モモンガ:さっと読めておもしろかった。コメントするような要素はあんまりないんだけど。アラビア風の設定とか、異国情緒たっぷりのところが魅力的。すばらしいものをつくっても、上には上があったっていうのがいいよね。同じように芸術の世界を描いたロベルト・ピウミーニの『光草(ストラリスコ)』(長野徹訳 小峰書店)を思い出した。権力に対する飽くなき欲望もよく描かれている。大人があとから意味をくっつける必要はない作品。

ウォンバット:私は、絢爛豪華な庭のようすに、宝箱をみせられたような、美しいものを見せてもらったっていう喜びが感じられて、好きな作品でした。今回の4冊は、私にとって読むこと自体が修行のような苦しい本が多かったから、この本で、久しぶりにわくわくする読書の楽しみを思い出したわ。

:日本語版は、読者の対象年齢を低く設定してるでしょ。本のつくりが。この本のテーマは、飽くなき芸術への探求心が最後には勝つっていう美学だと思うんだけど、そういことを小学生に理解できるかっていうことに疑問を感じました。作者自身はどういうことを意図したんだろう? 美か権力か、どちらをとることが人間にとって幸せなんだろうね。ジズベルトの作品は『アドリア海の奇跡』(宇野和美訳 徳間書店)も読んだけど、おもしろかった。ちょっと難をあげれば、私にはこの庭の良さがわからなかった。絢爛豪華すぎて、すばらしいものがごちゃごちゃとありすぎちゃって。秘密の画策にしても、種明かしされたら、ガクッと拍子ぬけしちゃう。それから翻訳の問題だけど、希代の詩人が自分のことを「ぼく」っていうのもそぐわない感じ。

ウォンバット:私は、古風な表現もおごそかな感じを加えるスパイスで、わざと使ってるのかと思ったから、別に嫌じゃなかったな。

:まあ、徳間書店らしい本よね。あとフェミニストの立場から言わせてもらえば、女をとっかえひっかえ慰みものにするなんて、「それはないでしょう」と言いたい。

ねねこ:私は、寓話的な意味で、おもしろかった。美味しい一品料理をいただいたような、美しい手工芸品のようなうれしさがある。でも、この世界が理解できるのは、やっぱり中学生以上かなあ。小学生を読者対象とするのは、ちょっと無理があるように思う。それと、すばらしいといわれている詩が、私にはいいとは思えなくて、がっかりした。予言者のお伴の男の子ハシブが活きてないのは残念だったし、結末もちょっと肩すかしというか、もうひとつ工夫が足りない感じがした。庭園そのものを一つの罠にしてしまうとか、いろいろおもしろくできそうなのに惜しいね。全体としては、アラビアの雰囲気を楽しむ、よくできたファンタジーという感じ。

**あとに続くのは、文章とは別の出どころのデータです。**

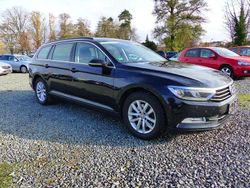 Schwarz Gebraucht 2017 VW Passat Comfortline Kombi | 14.799 € (Guter Preis)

オカリナ:よかったんだけど、私も特別言うことないなあ。期待はずれの超大作2作と比べると、この作品は「佳作」って感じ。こうなるだろうなと思ったことが、その通りちゃんとおさまる安心感がある。あと、西洋の庭は日本の庭とは空間を生かすか、埋めるかという点で根本的にちがうのね。

ウォンバット:やっぱりガウディの国スペインの作品だから、庭のイメージがまた独特なのかも。

ひるね:私も庭の描写には、わくわくした。あれもある、これもあるって贅をつくした庭を想像したりするのって好きなの。お人形遊びのような喜びってあるじゃない。

ウォンバット:そうそう!

ひるね:この作品は、たしかに「佳作」だと思うな。一番おもしろいなと思ったのは、スペインではこういう作品を児童文学として、子どもに手渡すんだなあということ。芸術を中心にすえた作品て、児童文学にはあんまりないでしょ。芸術至上主義の国民性なのかしら。この本『光草』みたいな装丁にしたら、もっとよかったかも。

愁童:『光草』のほうが、こういう場所で話題にするにはおもしろいよね。『イスカンダルと伝説の庭園』は、定石にはまったおもしろさで、ひっかかりがないから、なにを話題にしていいか、困っちゃうな。一休さんみたいな、ひとつの知恵比べの話でしょう。おもしろいけど、とりたててわーわー議論できる本ではないと思うな。